United States v. Eberhard, No. 05-3431-cr (2d Cir. May 5, 2008) (Jacobs, Calabresi, Sack, CJJ)
Todd Eberhard, a former stock broker, pled guilty to various fraud charges. Under his plea agreement, the stipulated guideline range was 97 to 121 months’ imprisonment. The presentence report added a 4-level aggravating role enhancement, but then recommended a below-guidelines 96-month sentence. Judge Sweet issued a pre-sentencing opinion indicating that he would impose a 151-month sentence. But, at sentencing, after hearing from victims, who asserted their right to address the court under 18 U.S.C. § 3771(a) (2004), which was enacted after Eberhard pled guilty, the judge imposed a 160-month sentence.
The circuit affirmed the sentence. First, it rejected an ex post facto challenge to the application of § 3771(a). District courts have always had the discretion to consider victim statements, and there is nothing about the new legislation – which requires district courts to hear from the victims of financial crimes – that implicates the Ex Post Facto Clause. The new legislation did not create a new crime, aggravate or increase the penalty for an existing crime, or alter the rules of evidence to dilute the quantum of evidence necessary for the government to secure a conviction.

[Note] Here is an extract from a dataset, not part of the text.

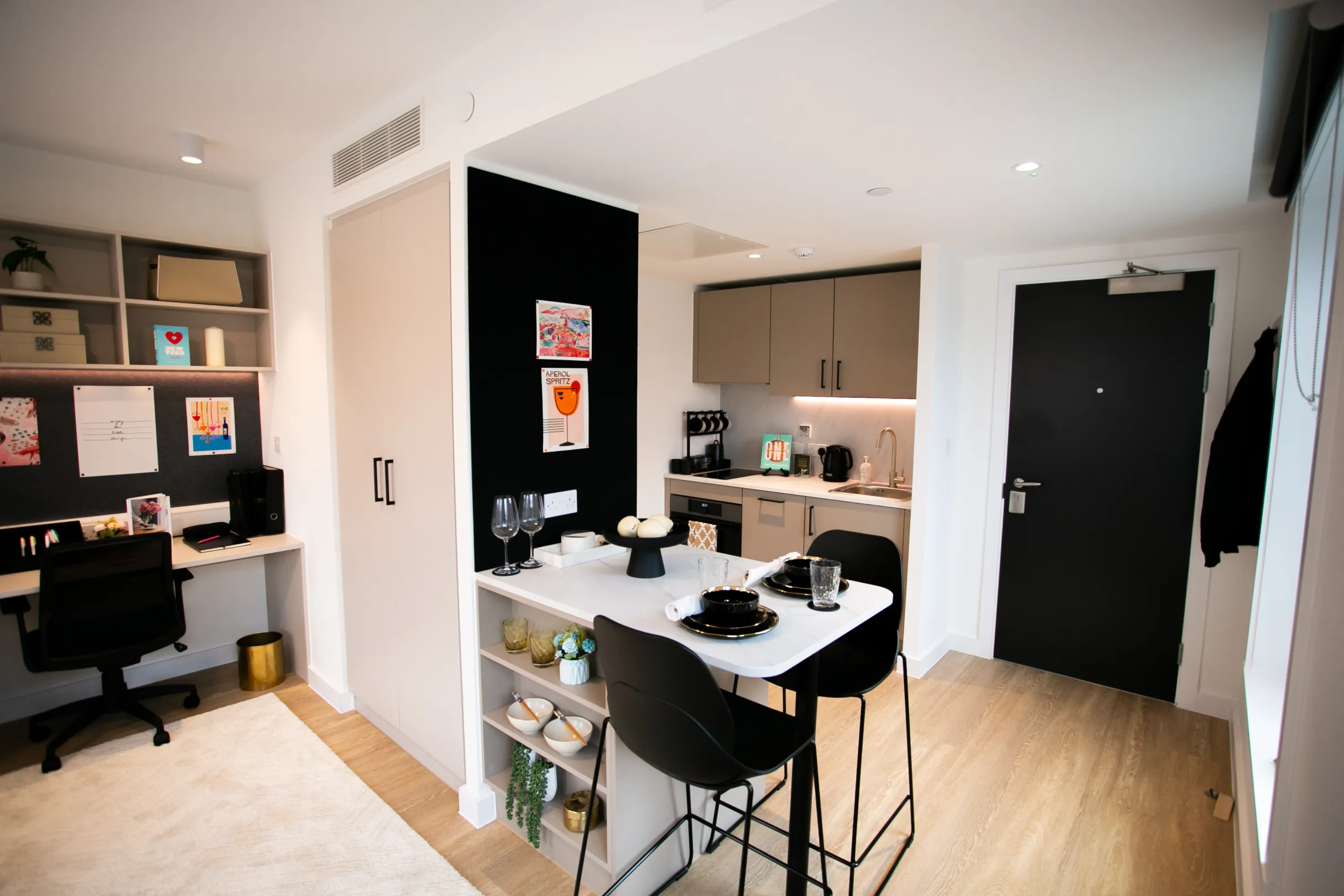 Signal House Show Cluster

The court also rejected an interesting due process claim: Eberhard argued that the government violated the plea agreement by presenting victim testimony that made sentencing arguments “by proxy” that the government was barred from making in the plea agreement. The circuit disagreed, since nothing in the plea agreement prevented the government from presenting victim impact testimony and the victims’ pleas for a harsher sentence “were incidental to presentation of facts.”
Finally, Eberhard argued that the court should not have imposed an aggravating role enhancement. Unfortunately for him, he did not contest the enhancement at sentencing and the circuit deemed it “waived.”